With the strengthening of measures taken in recent years for preventing enviromental distruption by noxious effluents released to atmosphere, there have been increasingly severe restrictions imposed by law on the amounts of noxious components of exhaust gases of motor vehicles. The cope with this situation, prescription has been designed in formulating requirements to be satisfied by internal combustion engines, particularly for use in motor vehicles, for the purpose of eliminating the problem of air pollution by the exhaust gases of motor vehicles. However, a difficulty has been experienced in meeting the conflicting demands to reduce air-polluting constituents of exhaust gases on one hand and to improve the performance of a motor vehicles and decrease the fuel consumption thereof on the other. As a means for satisfying these conditions, carburetors which have a great deal to do with the combustion of fuel in the engines have come to attract the attention of those concerned in the motor vehicle industry. More specifically research has in recent years been conducted in various countries on carburetors for effecting incresed vaporization of fuel and stabilization of a flow of mixture of atomized fuel particles and air from the carburetor to the engine.
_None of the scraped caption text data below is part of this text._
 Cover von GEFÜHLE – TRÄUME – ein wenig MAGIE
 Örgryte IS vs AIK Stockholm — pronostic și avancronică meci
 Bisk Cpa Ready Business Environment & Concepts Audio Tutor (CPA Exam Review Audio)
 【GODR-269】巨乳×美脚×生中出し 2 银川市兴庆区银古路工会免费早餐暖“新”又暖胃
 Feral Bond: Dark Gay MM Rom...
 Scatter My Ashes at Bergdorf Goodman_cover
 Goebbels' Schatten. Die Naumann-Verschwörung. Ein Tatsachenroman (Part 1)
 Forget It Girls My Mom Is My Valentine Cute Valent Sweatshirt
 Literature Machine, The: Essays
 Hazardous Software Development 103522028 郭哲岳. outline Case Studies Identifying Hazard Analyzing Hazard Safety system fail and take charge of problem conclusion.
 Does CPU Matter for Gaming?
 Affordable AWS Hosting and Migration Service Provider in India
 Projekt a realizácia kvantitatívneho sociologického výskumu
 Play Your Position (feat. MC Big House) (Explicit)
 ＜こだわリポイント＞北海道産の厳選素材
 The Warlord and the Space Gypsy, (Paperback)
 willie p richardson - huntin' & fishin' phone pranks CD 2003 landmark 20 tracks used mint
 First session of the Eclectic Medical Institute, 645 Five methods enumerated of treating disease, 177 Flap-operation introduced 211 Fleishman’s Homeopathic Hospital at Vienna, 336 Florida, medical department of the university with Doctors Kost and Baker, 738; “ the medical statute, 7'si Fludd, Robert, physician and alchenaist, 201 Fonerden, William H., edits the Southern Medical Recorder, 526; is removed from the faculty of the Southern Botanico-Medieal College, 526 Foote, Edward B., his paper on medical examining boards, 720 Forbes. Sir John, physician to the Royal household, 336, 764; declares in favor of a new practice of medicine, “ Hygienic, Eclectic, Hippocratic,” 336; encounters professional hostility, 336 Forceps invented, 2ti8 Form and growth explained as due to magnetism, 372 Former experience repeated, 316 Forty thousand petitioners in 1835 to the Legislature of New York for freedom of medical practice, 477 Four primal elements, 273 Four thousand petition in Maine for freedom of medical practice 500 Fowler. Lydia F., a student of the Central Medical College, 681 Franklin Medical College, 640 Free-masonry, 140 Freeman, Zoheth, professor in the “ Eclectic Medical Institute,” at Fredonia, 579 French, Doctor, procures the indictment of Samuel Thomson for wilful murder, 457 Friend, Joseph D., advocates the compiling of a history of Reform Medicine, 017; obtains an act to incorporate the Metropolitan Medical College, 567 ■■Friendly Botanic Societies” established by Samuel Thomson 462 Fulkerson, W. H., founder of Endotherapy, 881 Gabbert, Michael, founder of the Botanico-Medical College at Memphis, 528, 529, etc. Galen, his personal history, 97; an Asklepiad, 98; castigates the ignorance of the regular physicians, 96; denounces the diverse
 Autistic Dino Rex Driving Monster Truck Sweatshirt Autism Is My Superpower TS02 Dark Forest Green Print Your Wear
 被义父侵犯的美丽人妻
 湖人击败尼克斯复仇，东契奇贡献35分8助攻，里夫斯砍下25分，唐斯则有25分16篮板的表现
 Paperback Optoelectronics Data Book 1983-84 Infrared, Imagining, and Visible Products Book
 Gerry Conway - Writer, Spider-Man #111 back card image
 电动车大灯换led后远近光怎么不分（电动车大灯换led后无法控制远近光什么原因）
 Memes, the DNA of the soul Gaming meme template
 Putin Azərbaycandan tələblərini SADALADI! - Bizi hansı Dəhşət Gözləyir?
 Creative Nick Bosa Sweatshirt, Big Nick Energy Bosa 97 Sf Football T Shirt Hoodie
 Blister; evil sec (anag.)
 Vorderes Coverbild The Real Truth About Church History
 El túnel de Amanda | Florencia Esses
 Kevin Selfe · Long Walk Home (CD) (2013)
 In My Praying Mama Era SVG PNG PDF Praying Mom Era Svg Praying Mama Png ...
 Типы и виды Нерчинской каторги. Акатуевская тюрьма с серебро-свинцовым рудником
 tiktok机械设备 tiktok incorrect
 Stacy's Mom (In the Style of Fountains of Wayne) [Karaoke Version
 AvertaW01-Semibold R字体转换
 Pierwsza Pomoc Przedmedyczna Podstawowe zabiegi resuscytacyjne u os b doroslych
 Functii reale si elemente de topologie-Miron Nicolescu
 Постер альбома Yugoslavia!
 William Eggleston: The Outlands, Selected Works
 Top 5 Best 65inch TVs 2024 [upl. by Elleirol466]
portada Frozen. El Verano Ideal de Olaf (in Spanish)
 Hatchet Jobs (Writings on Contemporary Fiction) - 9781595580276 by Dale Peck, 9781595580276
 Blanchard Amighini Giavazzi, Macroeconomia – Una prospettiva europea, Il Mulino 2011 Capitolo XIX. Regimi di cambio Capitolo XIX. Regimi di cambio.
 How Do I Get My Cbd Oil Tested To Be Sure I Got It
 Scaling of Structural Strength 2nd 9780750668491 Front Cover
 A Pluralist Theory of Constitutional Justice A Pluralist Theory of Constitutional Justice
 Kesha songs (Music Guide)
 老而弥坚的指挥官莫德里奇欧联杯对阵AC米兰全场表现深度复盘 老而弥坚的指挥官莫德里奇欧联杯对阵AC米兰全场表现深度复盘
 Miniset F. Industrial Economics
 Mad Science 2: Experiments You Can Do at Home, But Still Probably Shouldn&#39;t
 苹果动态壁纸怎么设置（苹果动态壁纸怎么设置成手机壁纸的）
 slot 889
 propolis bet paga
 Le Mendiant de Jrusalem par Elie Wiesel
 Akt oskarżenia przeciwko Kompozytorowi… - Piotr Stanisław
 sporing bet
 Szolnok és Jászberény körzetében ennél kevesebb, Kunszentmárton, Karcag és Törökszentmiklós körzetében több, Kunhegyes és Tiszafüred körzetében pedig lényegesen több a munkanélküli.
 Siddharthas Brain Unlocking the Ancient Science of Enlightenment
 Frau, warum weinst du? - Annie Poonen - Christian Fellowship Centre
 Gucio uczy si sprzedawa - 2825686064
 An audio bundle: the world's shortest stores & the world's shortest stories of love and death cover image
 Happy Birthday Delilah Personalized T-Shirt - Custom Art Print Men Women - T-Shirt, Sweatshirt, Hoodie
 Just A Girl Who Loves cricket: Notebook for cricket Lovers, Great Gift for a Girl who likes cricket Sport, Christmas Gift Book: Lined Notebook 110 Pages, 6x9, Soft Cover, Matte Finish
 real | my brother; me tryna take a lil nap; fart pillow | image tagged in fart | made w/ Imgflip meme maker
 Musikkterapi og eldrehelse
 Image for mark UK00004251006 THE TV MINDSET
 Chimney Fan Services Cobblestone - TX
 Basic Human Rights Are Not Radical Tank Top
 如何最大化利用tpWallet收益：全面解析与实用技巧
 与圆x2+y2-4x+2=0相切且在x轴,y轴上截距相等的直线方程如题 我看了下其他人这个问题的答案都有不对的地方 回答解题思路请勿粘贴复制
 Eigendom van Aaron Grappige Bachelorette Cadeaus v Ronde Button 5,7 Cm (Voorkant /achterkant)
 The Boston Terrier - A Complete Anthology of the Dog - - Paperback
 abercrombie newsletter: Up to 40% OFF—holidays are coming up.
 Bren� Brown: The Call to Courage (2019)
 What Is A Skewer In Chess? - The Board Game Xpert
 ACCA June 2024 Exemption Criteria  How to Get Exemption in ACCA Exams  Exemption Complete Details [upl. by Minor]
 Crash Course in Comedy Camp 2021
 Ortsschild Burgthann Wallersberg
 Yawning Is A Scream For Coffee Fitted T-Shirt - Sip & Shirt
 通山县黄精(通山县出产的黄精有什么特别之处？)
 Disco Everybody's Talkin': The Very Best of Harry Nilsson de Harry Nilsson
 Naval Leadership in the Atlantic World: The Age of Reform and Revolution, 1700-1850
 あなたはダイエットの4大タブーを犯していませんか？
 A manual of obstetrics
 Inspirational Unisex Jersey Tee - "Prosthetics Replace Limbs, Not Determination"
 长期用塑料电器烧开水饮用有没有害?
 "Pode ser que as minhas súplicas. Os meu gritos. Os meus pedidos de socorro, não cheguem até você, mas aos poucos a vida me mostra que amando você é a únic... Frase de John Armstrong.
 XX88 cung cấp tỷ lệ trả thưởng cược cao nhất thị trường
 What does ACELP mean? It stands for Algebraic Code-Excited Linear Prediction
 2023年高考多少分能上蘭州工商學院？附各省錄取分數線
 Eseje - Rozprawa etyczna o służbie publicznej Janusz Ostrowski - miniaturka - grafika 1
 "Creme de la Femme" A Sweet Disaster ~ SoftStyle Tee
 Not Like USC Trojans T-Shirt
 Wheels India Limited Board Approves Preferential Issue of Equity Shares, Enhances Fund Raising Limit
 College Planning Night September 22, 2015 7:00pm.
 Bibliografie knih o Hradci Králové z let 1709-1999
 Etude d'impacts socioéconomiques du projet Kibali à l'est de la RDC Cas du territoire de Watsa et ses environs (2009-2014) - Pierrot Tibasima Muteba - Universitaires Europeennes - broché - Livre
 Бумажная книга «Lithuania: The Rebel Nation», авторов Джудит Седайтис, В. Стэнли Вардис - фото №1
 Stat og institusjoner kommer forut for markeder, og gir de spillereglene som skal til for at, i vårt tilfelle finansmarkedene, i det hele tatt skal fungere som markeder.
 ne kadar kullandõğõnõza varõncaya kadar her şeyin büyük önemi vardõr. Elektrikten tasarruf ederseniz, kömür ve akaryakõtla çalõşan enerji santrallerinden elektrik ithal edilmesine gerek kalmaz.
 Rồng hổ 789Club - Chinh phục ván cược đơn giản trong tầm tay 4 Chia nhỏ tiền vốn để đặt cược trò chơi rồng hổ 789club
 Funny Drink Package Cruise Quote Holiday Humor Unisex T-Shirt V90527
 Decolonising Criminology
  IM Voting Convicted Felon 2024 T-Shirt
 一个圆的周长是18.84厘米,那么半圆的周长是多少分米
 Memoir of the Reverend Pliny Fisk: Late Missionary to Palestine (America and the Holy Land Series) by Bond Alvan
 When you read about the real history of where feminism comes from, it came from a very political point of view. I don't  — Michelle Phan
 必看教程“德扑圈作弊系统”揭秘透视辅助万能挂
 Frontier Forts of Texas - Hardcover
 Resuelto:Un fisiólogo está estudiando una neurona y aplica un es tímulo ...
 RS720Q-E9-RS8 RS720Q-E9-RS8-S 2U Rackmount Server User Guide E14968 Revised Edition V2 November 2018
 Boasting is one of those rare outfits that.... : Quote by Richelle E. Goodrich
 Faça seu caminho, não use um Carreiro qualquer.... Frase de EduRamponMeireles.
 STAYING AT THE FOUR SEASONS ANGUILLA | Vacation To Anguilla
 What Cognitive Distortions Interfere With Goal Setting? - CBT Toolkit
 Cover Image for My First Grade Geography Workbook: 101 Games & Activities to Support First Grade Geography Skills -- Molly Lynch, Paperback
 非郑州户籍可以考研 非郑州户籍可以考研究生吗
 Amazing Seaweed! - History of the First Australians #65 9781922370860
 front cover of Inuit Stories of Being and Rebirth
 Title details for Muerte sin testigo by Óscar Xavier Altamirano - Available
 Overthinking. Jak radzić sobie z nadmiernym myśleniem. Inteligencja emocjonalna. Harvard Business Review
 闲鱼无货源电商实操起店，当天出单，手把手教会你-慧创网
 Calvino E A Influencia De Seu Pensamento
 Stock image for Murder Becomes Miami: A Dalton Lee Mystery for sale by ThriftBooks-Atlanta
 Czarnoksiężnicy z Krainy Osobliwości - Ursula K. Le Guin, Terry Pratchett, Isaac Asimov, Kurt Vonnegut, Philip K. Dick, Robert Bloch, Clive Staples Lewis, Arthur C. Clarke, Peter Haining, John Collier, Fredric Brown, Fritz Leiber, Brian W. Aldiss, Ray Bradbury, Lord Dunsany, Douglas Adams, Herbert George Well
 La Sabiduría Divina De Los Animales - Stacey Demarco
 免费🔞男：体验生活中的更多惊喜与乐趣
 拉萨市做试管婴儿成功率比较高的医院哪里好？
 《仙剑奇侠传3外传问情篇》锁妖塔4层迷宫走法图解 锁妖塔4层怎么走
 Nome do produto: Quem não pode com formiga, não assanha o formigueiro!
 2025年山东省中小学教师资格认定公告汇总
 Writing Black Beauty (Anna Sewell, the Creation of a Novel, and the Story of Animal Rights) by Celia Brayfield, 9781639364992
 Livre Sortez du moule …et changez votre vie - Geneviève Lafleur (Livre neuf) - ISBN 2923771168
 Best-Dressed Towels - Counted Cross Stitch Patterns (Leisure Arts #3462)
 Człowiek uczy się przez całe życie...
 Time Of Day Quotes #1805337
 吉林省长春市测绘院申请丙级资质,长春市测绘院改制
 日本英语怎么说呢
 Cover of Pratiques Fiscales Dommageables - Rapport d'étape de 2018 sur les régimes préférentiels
Of all the types of carburetors now in use, a carburetor which have been most favored are of the type which uses what is referred to as an air fuel mixing tube which is a metal tube formed therein with many apertures and arranged in the fuel passage at a level lower than the fuel level in the fuel passage for ejecting air through the apertures in order to convert fuel into atomized particles. Various programs have been under way to conduct studies on the number and position of the air ejecting apertures so as to provide improvements in this type of carburetors. However, a flow of fuel to the engine still tends to become an intermittent flow at the time the engine is started or abruptly accelerated and the fuel begins to gush out, and the particles of fuel are still large in size. As a result, the air-polluting constituents of exhaust gases are still large in amounts.